Microsoft’s Windows and foreign database programs also sidelined as Beijing favours Chinese hardware and software
Among the 18 approved processors were chips from Huawei and state-backed group Phytium. Both are on Washington’s export blacklist. Chinese processor makers are using a mixture of chip architectures including Intel’s x86, Arm and homegrown ones, while operating systems are derived from open-source Linux software.
No!!! You aren’t allowed to do that! Only America is allowed to be protectionist 😠 😠 😠
Do you have any idea how protectionist China has been for the past several decades? Nothing the US has done comes even close to their long standing policies.
They ban certain media properties and cultural imports, but they’ve been open for business to developers and industry my entire life. This recent wave is way different. This is an actual industrial supply-side commodity that is used in production, not a controversial movie.
Something new has been happening since America launched the chip tradewar and the performative attacks against Xinjiang province.
In all likelihood, they’ve been open for business to make it easier to nab intellectual property from the rightful owners. China has probably just decided they’ve learned enough to make their own “homegrown” products, and can safely kick all the western businesses out of the market.
Except in many cases you cannot sell directly in China, but you need to “partner up” with a Chinese corporation in order to sell there (aka technology transfer).
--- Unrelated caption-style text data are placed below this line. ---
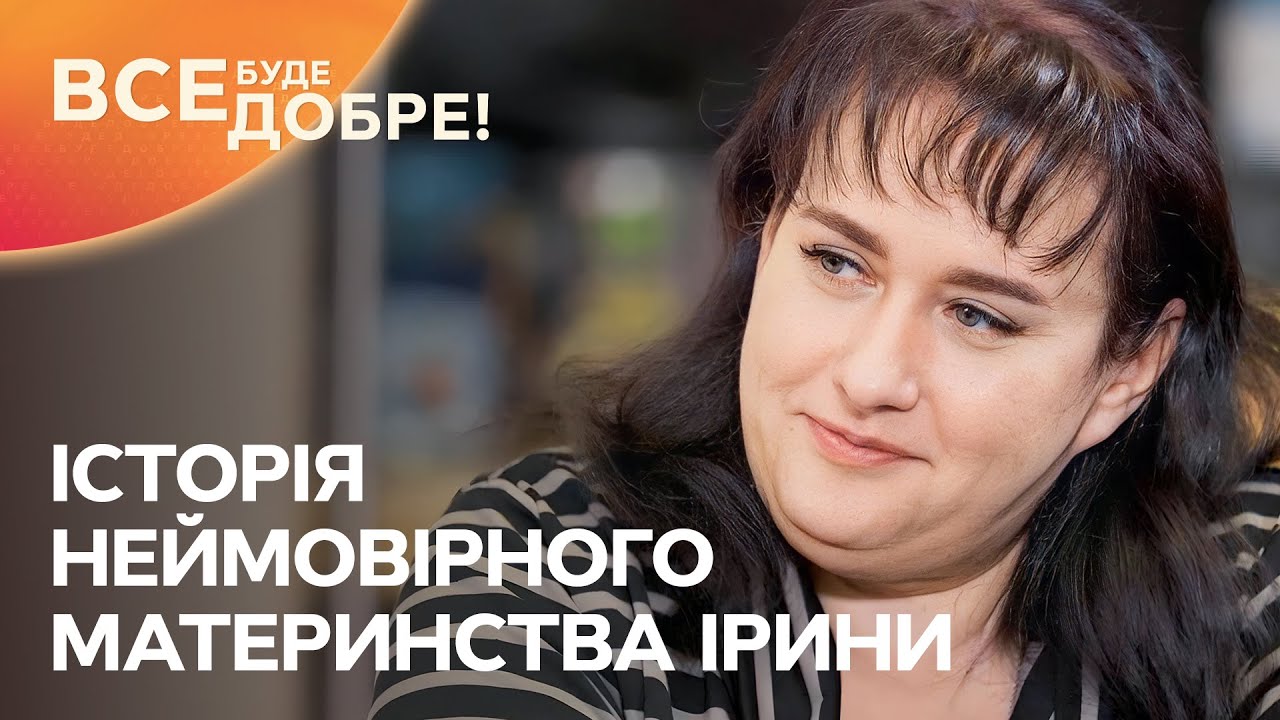 Ирина преданно воспитывает 22 детей: история невероятного материнства – Позивний «Надія» | 10 выпуск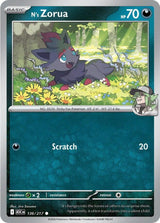 N's Zorua - Pokémon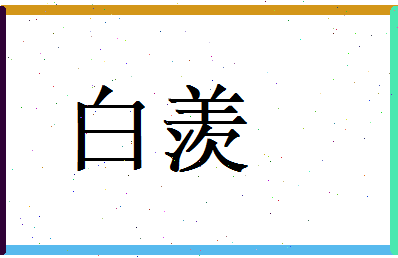 白羡相关图片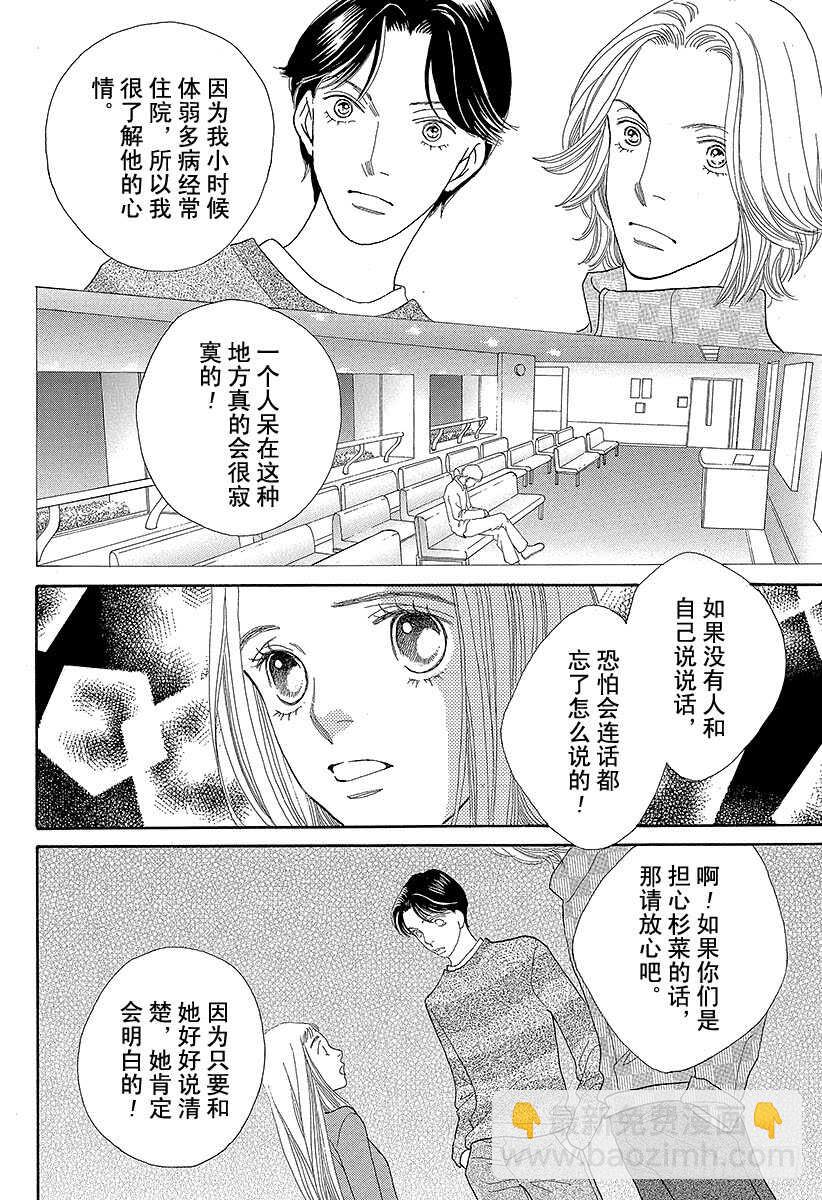 《花样男子》第125话 第12页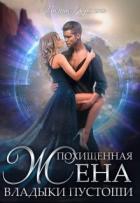 Книга Похищенная жена владыки пустоши (СИ)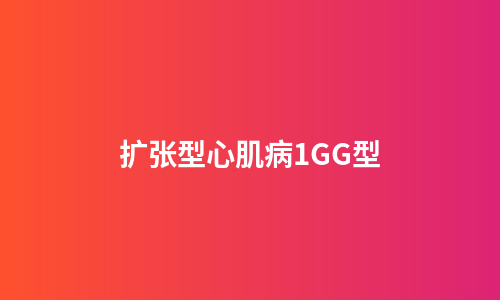 扩张型心肌病1GG型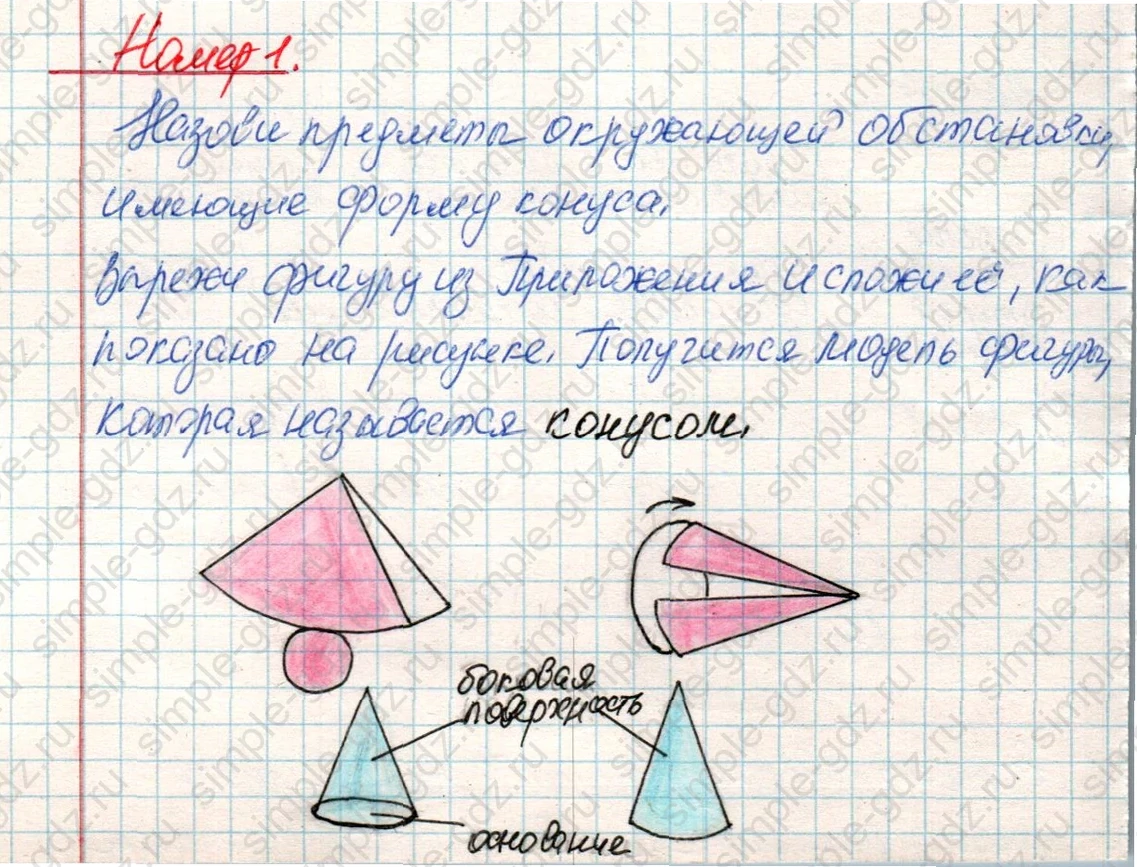 matematika class-4 Математика 4 класс учебник Дорофеев, Миракова часть 1, 2 - 1 Часть страница 108 ответ Номер 1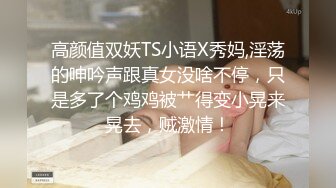 颜值不错苗条身材【小表妹】双人啪啪，开裆黑丝情趣内裤拨开大力猛操，很是诱惑喜欢不要错过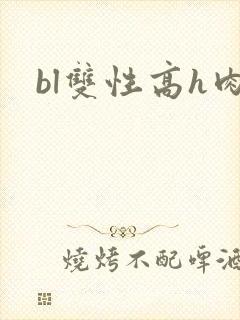 bl双性高h肉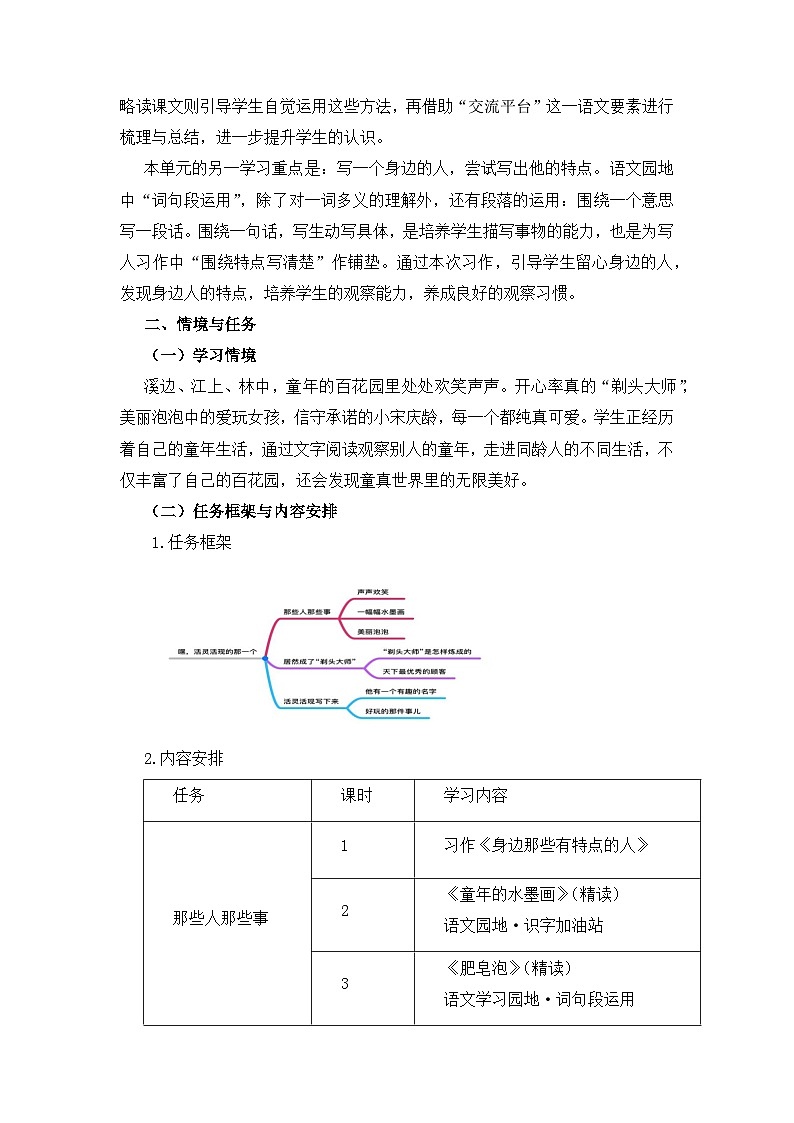 部编版小学语文三下第六单元大单元任务群教学设计第3页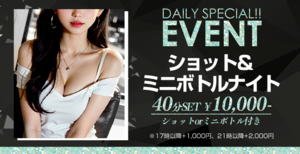 �C�x���g�摜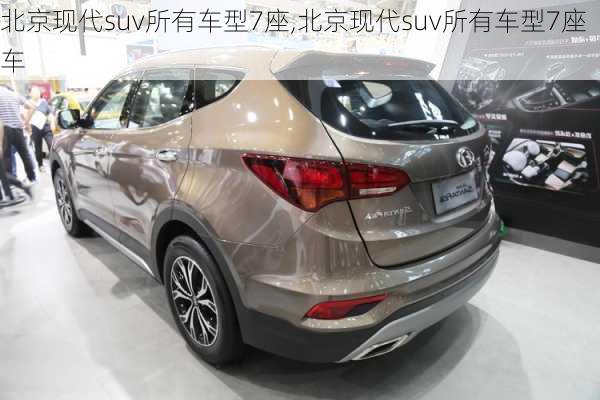 北京现代suv所有车型7座,北京现代suv所有车型7座车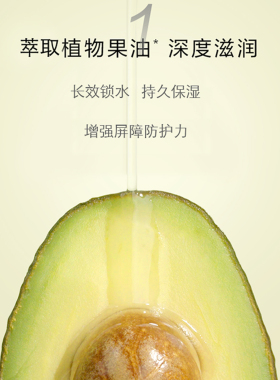 雪润套装雪润补水保湿锁水提亮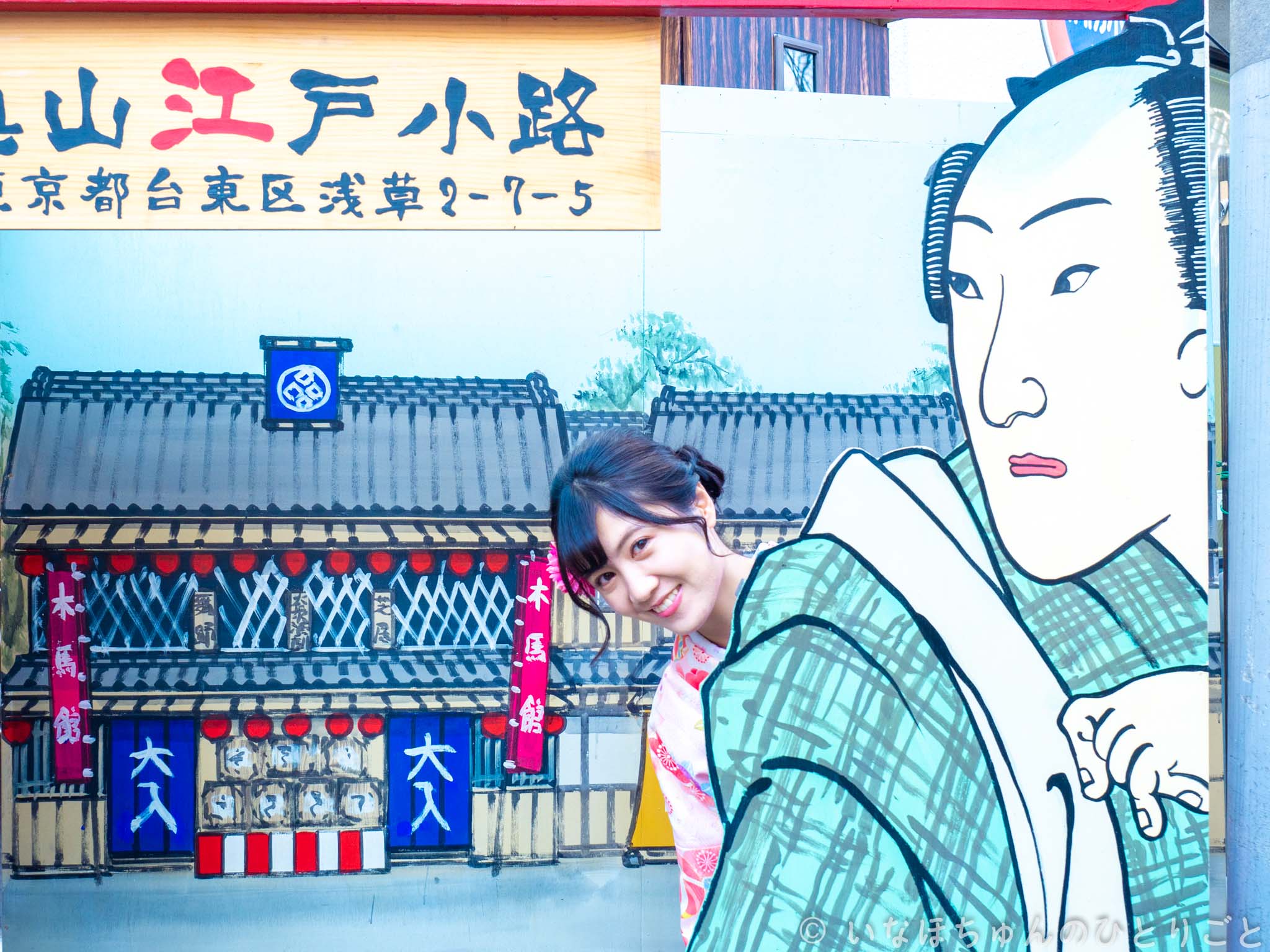 2020.01.11 着物撮影会＠浅草 永野愛佳 15枚目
You then need the Chinese government approval and possibly a CCP person on the board
It’s honestly surprising they ever did.
You’d figure they’d go as far as banning them for the whole country to give their own companies the market.
Do they really have good enough chips? I thought this stuff was hard to do.
Substantially. CISC vs RISC is night and day. Keeping x86 for so long was a mistake, but one that generated billions in value for shareholders.
you dont need much to run most government level computers, and I say this knowing what lind of conputers in general some of the U.S offices were running. China already has their own build of linux for government computers, and deceloping a basic cpu for governmental office purposes wouldnt be too difficult in thr grand scheme of things.
They already have their own x86 chips. They’re a few generations behind the cutting edge. They’ve been catching up fast which is why the US and EU have been shitting their pants trying to wage cold war. All of a sudden ramping up the China bad narrative out of left field when not long ago they were trying to work with China rather than against them…
Much of the manufacturing difficulty we hear about with western industry is achieving highest yields possible of the most powerful chips to please ravenous shareholders demanding flawless profit gains every quarter. Capitalism problems in other words. It’s much different when your goal is merely to produce computers for government office use. You can still use old computers for the majority of computing needs.